- DATA EXCERPTS:

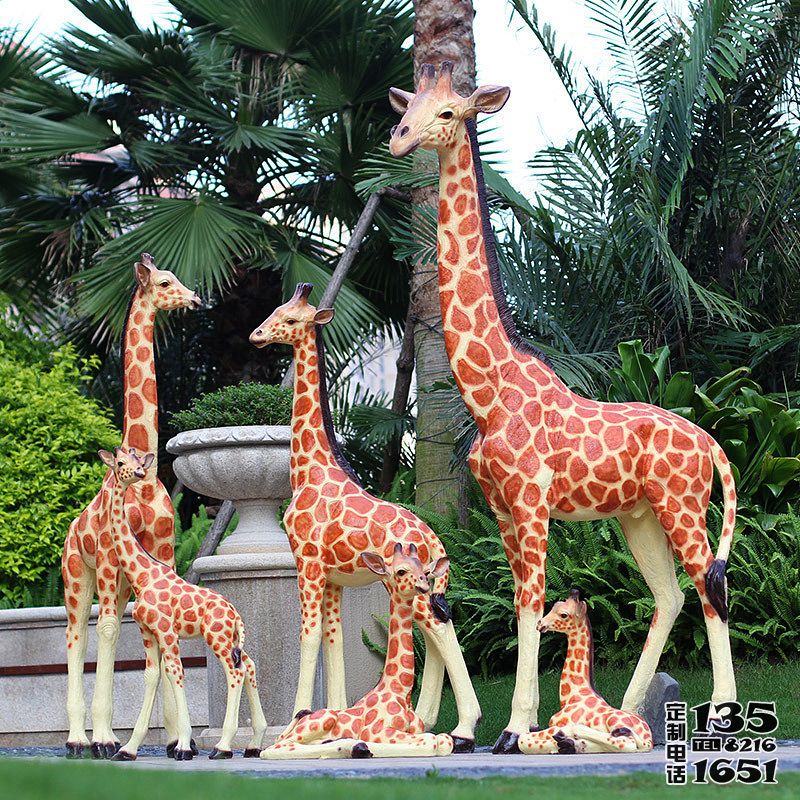 公园广场玻璃钢彩绘仿真动物长颈鹿雕塑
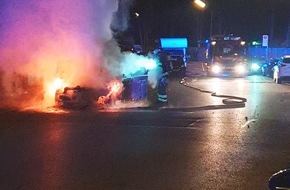 Feuerwehr München: FW-M: Auto brennt aus (Neuperlach Süd)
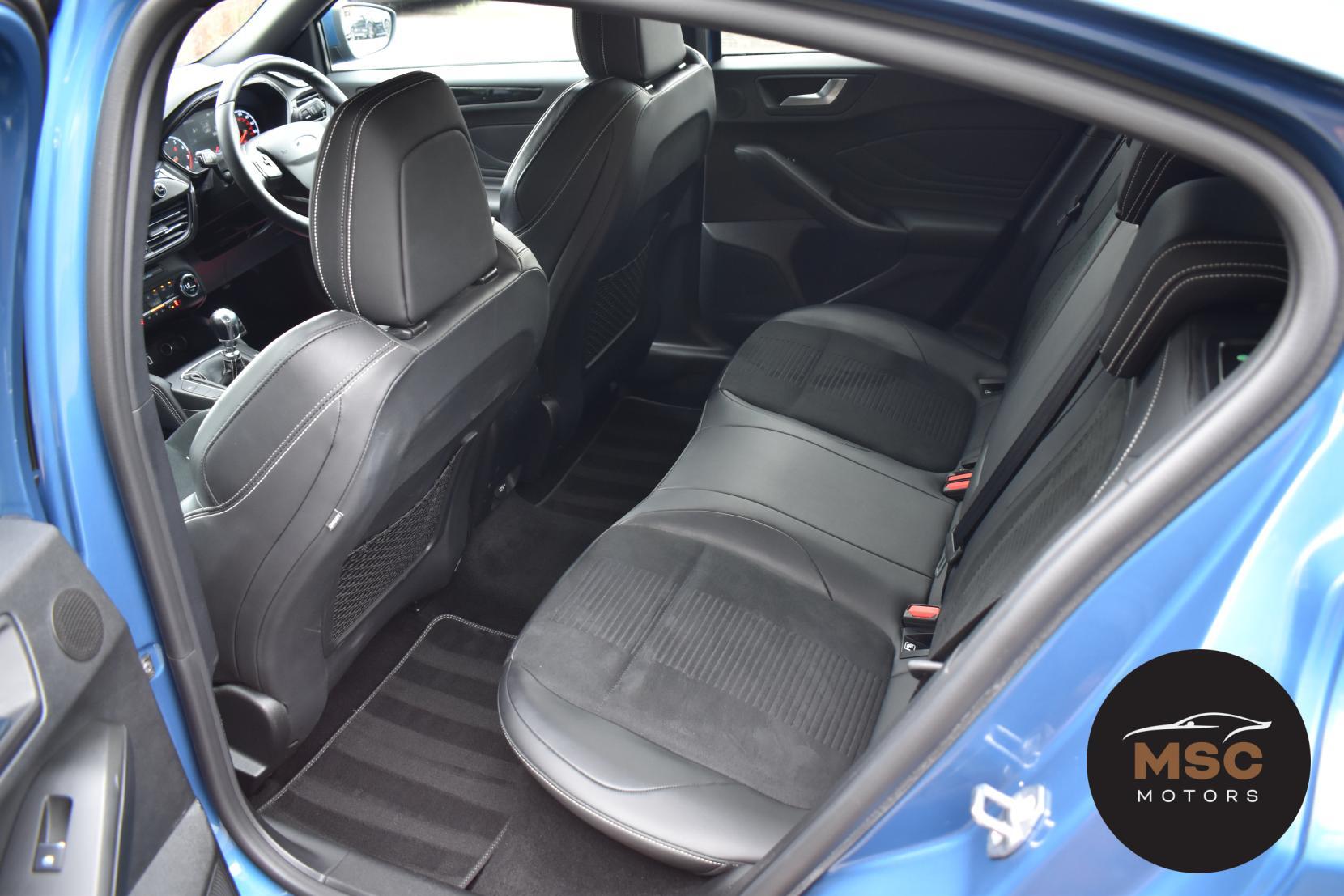 Ford Focus view 42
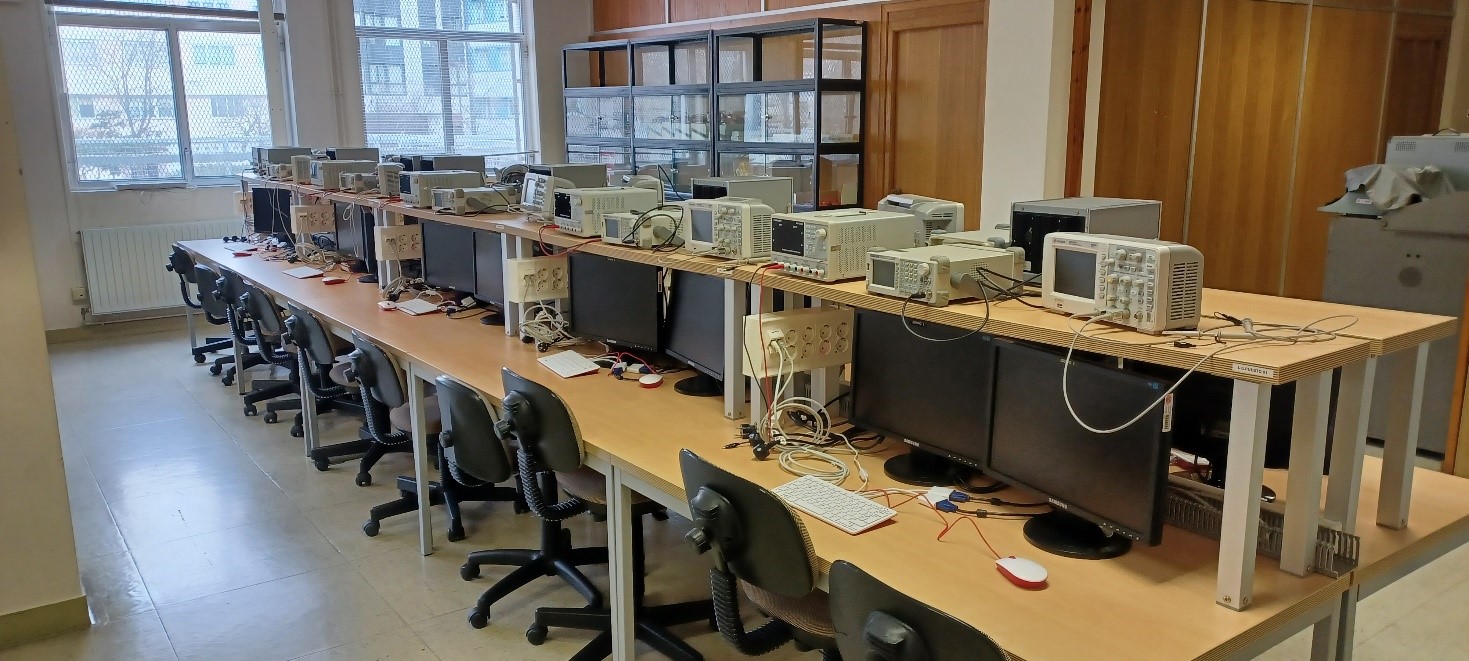 laboratorio electrónica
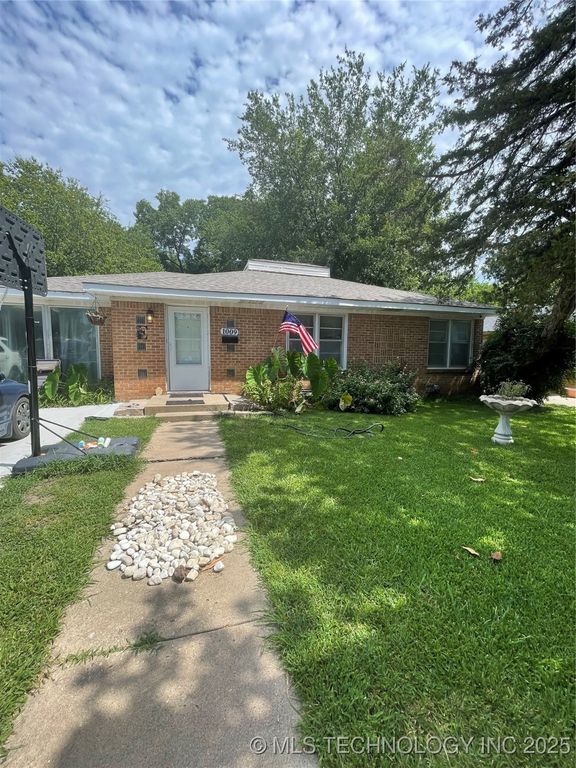 1009 Davis NW, Ardmore, OK 73401
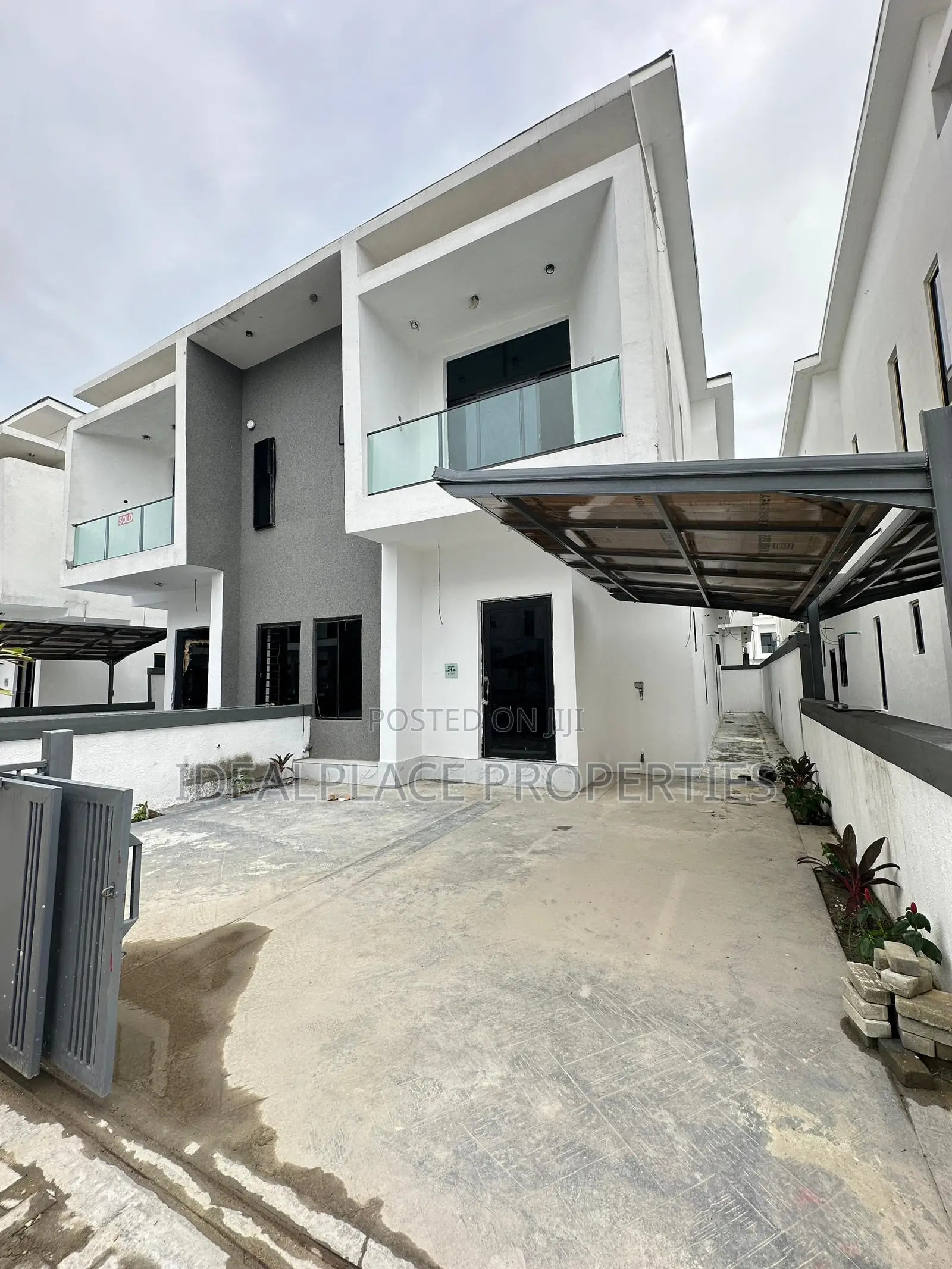 4bdrm Duplex in Lekki Expressway for sale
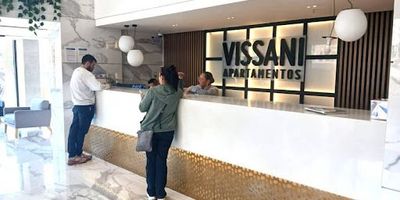 ARRIENDO APARTAESTUDIO, 33 mts, mono ambiente, segundo piso, un solo espacio, blackout, mueble escritorio, cocina integral, Vestier, baño con división en vidrio templado, calentador caldera, zona de lavandería independiente, deposito. El Conjunto está ubicado en un sector muy central de  Ciudad, Salitre, y cuenta con excelentes vías de acceso como la calle 26, avenida La Esperanza, La Boyacá, La avenida 68 y la calle 13. El Conjunto cuenta  con espacios recreativos como spa, teatrino, salón infantil, cancha de squash, salón social, zona de juegos y gimnasio, además de coworking, centro de negocios, lobby. Muy cerca de centros comerciales como Plaza de las Américas, Salitre Plaza, Gran Estación, Outlet de las Américas. Centros educativos, centros médicos y centros culturales. Y por supuesto, cerca del Aeropuerto Internacional El Dorado y la terminal de transporte de Bogotá. CITA PREVIA.
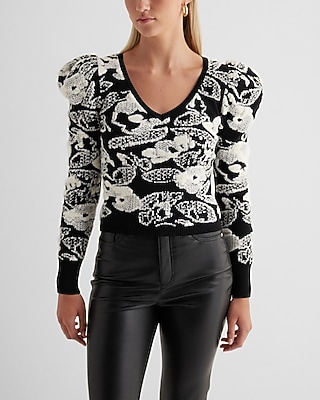 Fitted Floral V-Neck Puff Sleeve Sweater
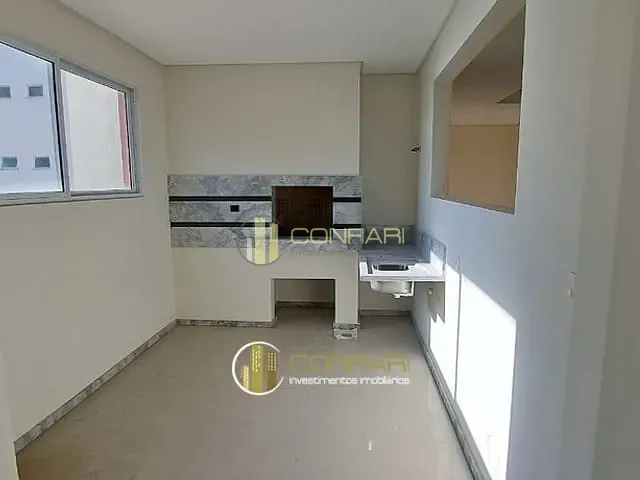 Apartamento com 352m² 4 quartos e 5 banheiros, à venda, no bairro Meia Praia em Itapema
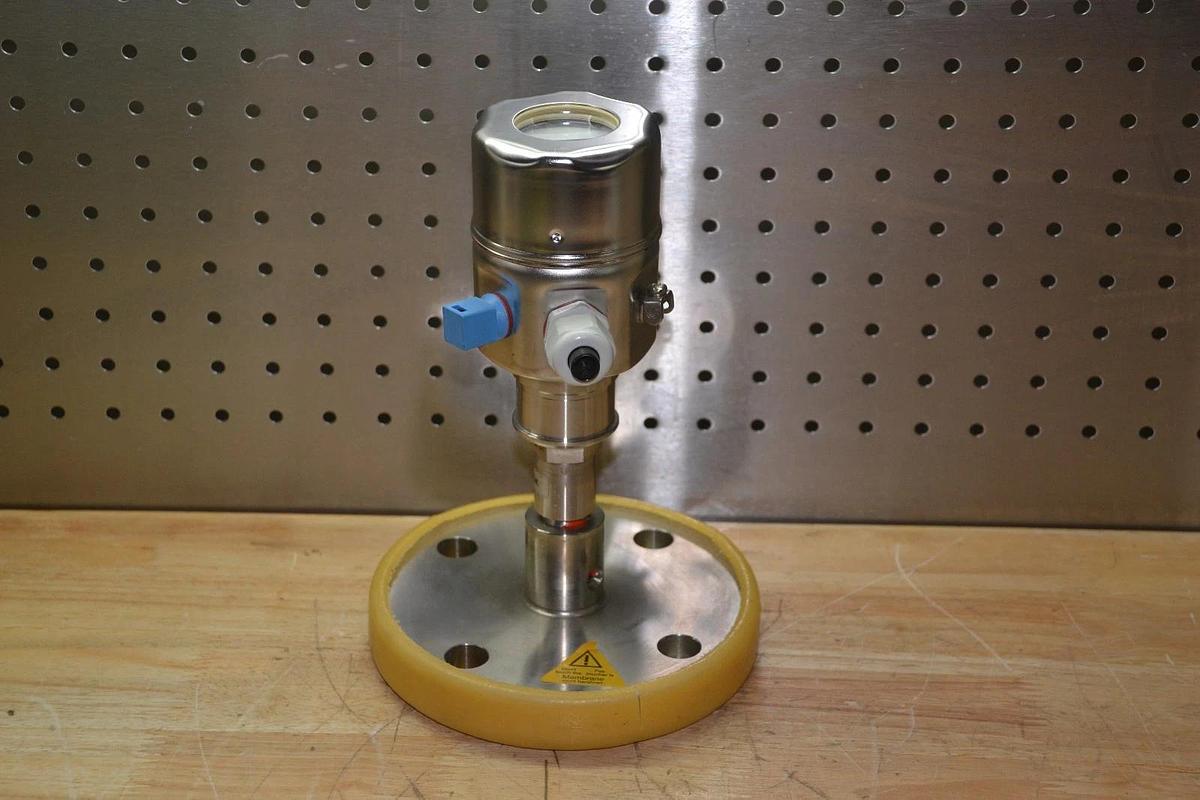 Used ENDRESS & HAUSER PMP48-GE13P2R1EKA1 0-1000kPA PRESSURE TRANSMITTER CERABARM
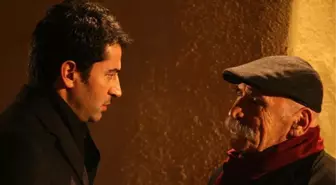 Ezel dizisinin yıllar sonra kamera arkası görüntüleri ortaya çıktı! Kenan İmirzalıoğlu'nun neşeli hali dikkat çekti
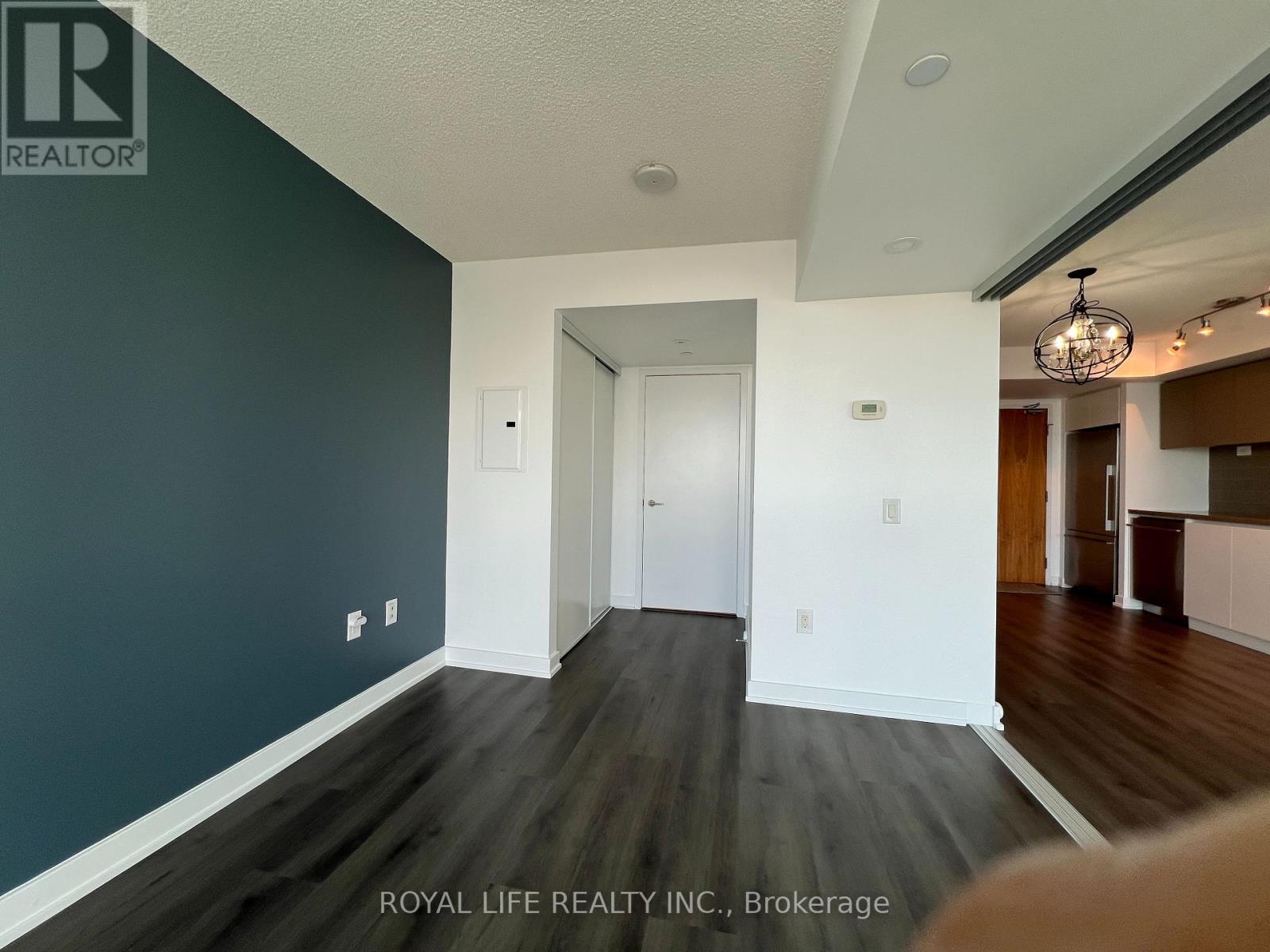 4110 - 75 Queens Wharf Road, Toronto, Ontario  M5V 0J8 - Photo 8 - C12726938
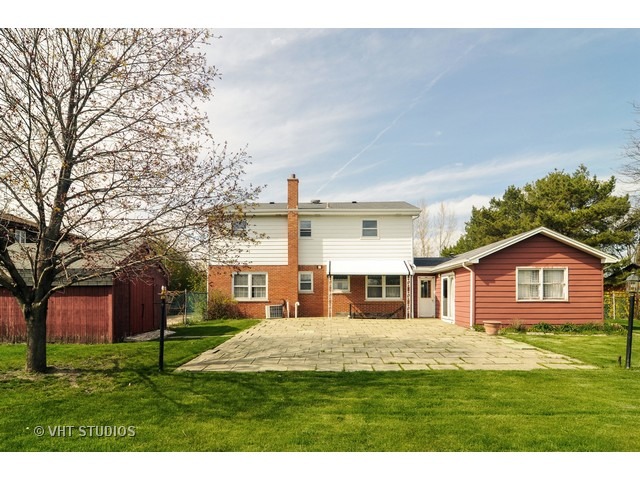 915 Vera Ln, Wheeling, IL 60090 photo 10
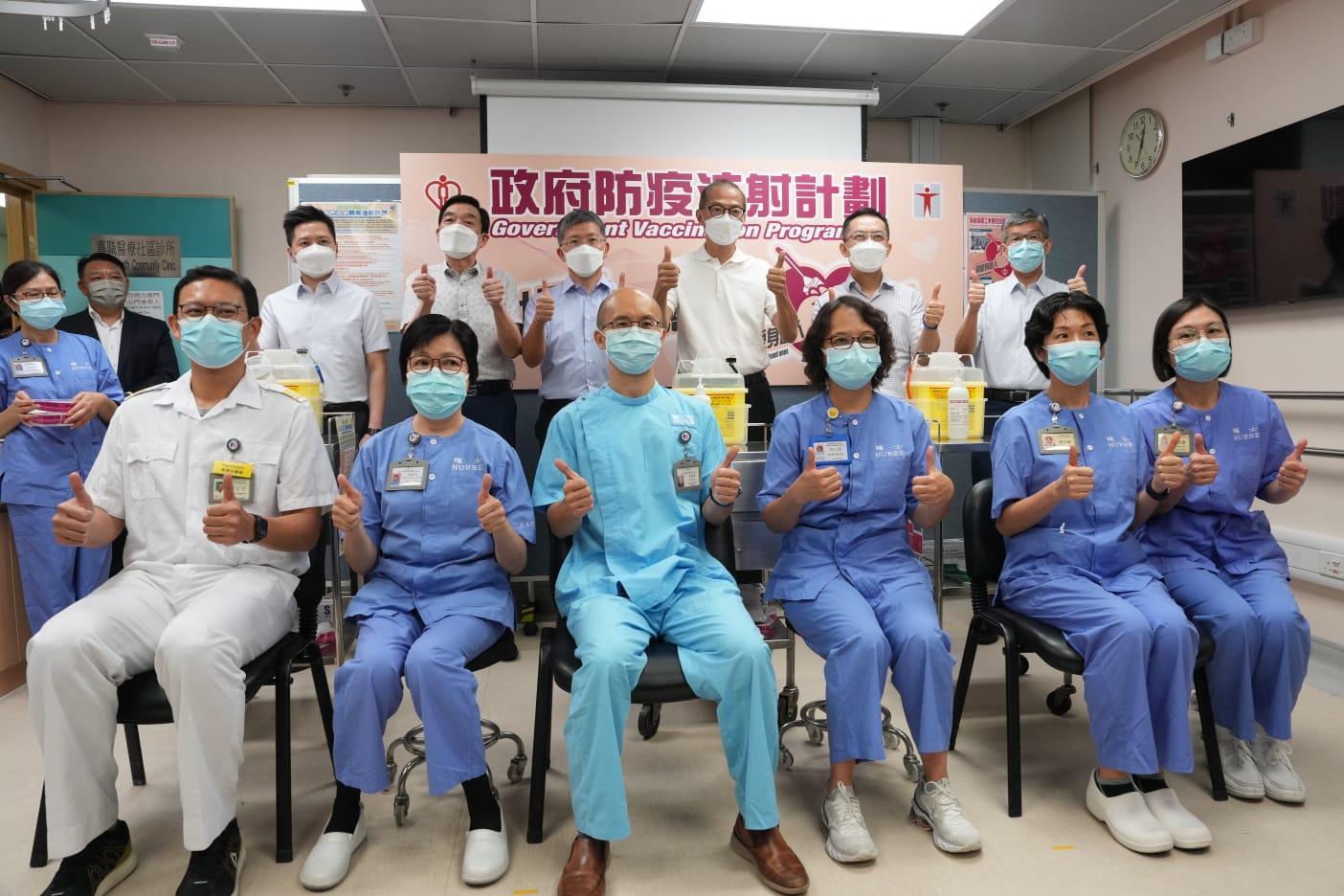 盧寵茂與一眾衛生官員等接種新冠疫苗和季節性流感疫苗。(陳奕釗攝)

- EXERCISE DETAILS: "4bdrm Duplex in Lekki Expressway for sale" marks the last line to keep. Retype every line from the start of the entries through that one, exactly, and drop the pictures.

- TASK ANSWER:
 公园广场玻璃钢彩绘仿真动物长颈鹿雕塑
 Feuerwehr München: FW-M: Auto brennt aus (Neuperlach Süd)
 Ford Focus view 42
 laboratorio electrónica
 1009 Davis NW, Ardmore, OK 73401
 4bdrm Duplex in Lekki Expressway for sale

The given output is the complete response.